Some investors use it to study a company’s business strength. Others use it to track price charts and trading signals.
That’s the key difference between fundamental screeners and technical screeners
Fundamental Screeners
Fundamental screeners filter stocks based on the company’s financial and business data. These are used mostly by long-term investors who want to know if the business is healthy and worth holding for years.
What they focus on:
- Profit and loss statements
- Balance sheet data
- Valuation ratios (P/E, P/B, EV/EBITDA)
- Return ratios (ROE, ROA)
- Debt levels and interest coverage
- Dividend history
Example:
Suppose you want to find Indian FMCG companies with:
- Market cap above ₹20,000 crore
- Debt-to-equity below 0.5
- Profit growth of at least 10% for 3 years
A fundamental screener will give you that shortlist. This way, you’re not just looking at the share price—you’re checking if the company behind the stock is strong.
Technical Screeners
Technical screeners filter stocks based on price and volume patterns. Traders use them for short-term opportunities, where timing matters more than long-term fundamentals.
What they focus on:
- Moving averages (50-day, 200-day)
- Indicators like RSI, MACD, Bollinger Bands
- Breakouts, support, and resistance levels
- Price volume spikes
Example:
You may want to find stocks in the Nifty 500 that are:
- Trading above their 200-day moving average
- Showing RSI below 30 (oversold zone)
- With daily volume higher than the last 10-day average
A technical screener will highlight these stocks, helping you spot momentum or reversal opportunities.

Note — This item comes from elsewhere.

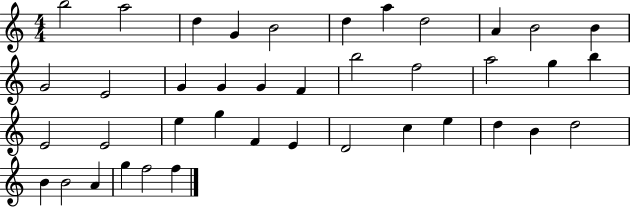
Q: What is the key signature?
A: C major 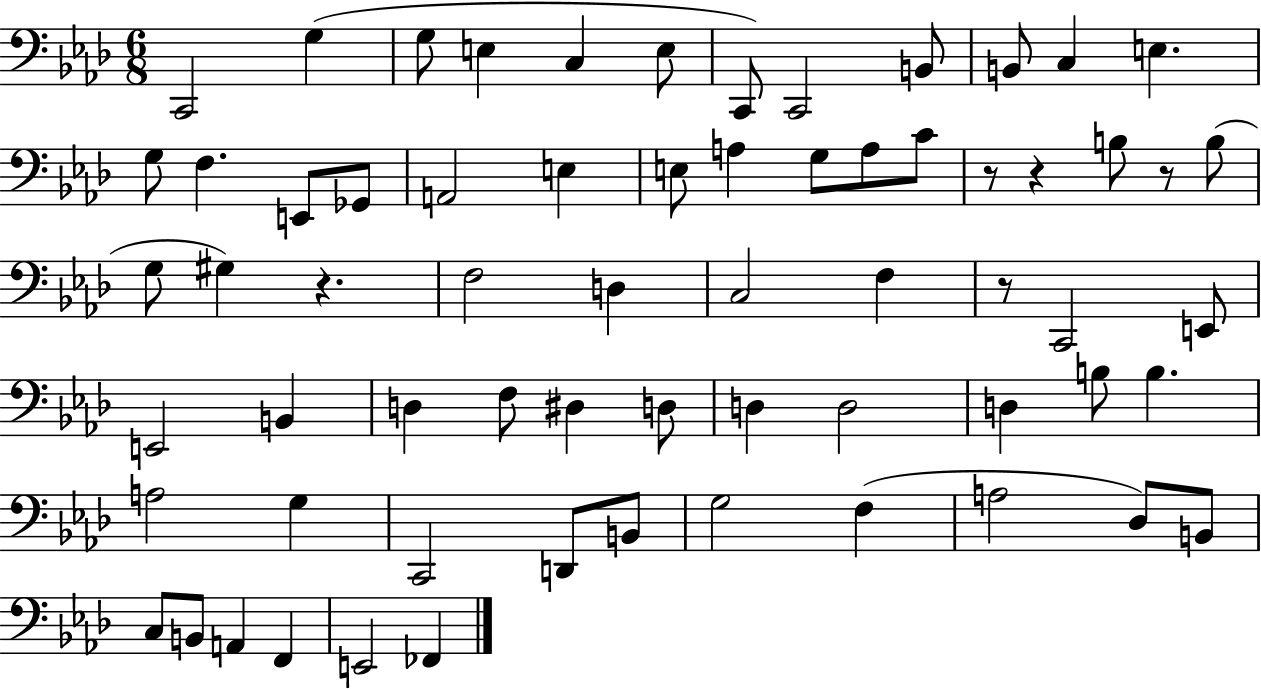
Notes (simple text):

C2/h G3/q G3/e E3/q C3/q E3/e C2/e C2/h B2/e B2/e C3/q E3/q. G3/e F3/q. E2/e Gb2/e A2/h E3/q E3/e A3/q G3/e A3/e C4/e R/e R/q B3/e R/e B3/e G3/e G#3/q R/q. F3/h D3/q C3/h F3/q R/e C2/h E2/e E2/h B2/q D3/q F3/e D#3/q D3/e D3/q D3/h D3/q B3/e B3/q. A3/h G3/q C2/h D2/e B2/e G3/h F3/q A3/h Db3/e B2/e C3/e B2/e A2/q F2/q E2/h FES2/q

Key Differences at a Glance
Purpose | Find fundamentally strong companies | Spot trading opportunities based on price moves |
Time Horizon | Long-term (months/years) | Short to medium term (days/weeks) |
Data Used | Financials, valuations, business health | OHLC, volume, indicators, chart patterns |
Users | Investors | Traders |
Example Filter | “Companies with ROE > 15% and low debt” | “Stocks above 200-DMA with RSI < 30” |
How to Try This Yourself
-
Go to any free stock screener.
-
For fundamental screening:
Set filters like:
- Market Cap > ₹20,000 Cr
- Debt-to-Equity < 0.5
- ROE > 15% Notice how the list narrows to financially stronger companies.
- For technical screening:
Set filters like:
- Price above 200-DMA
- RSI < 30
- Daily Volume > 10-day average Now the output shows stocks with technical signals.
- Compare both lists. You’ll see that fundamentals give you good companies, while technicals give you good timing.
Can You Combine Both?
Yes—and this is where screeners become powerful. Many investors first use a fundamental screener to ensure the company is strong, and then apply technical filters to decide the right entry point.
Example:
- Step 1: Use fundamentals to find IT companies with steady profit growth and low debt.
- Step 2: Use technicals to buy when the stock breaks above resistance with strong volume.
This mix helps you avoid weak companies and also time your trades better.
Final Takeaway
Fundamental screeners help you understand the business. Technical screeners help you understand the price behaviour. One looks at the company, the other at the chart. Smart investors often use both—first to select strong companies, then to pick the right entry or exit.
In short: Fundamentals tell you what to buy, technicals help you decide when to buy.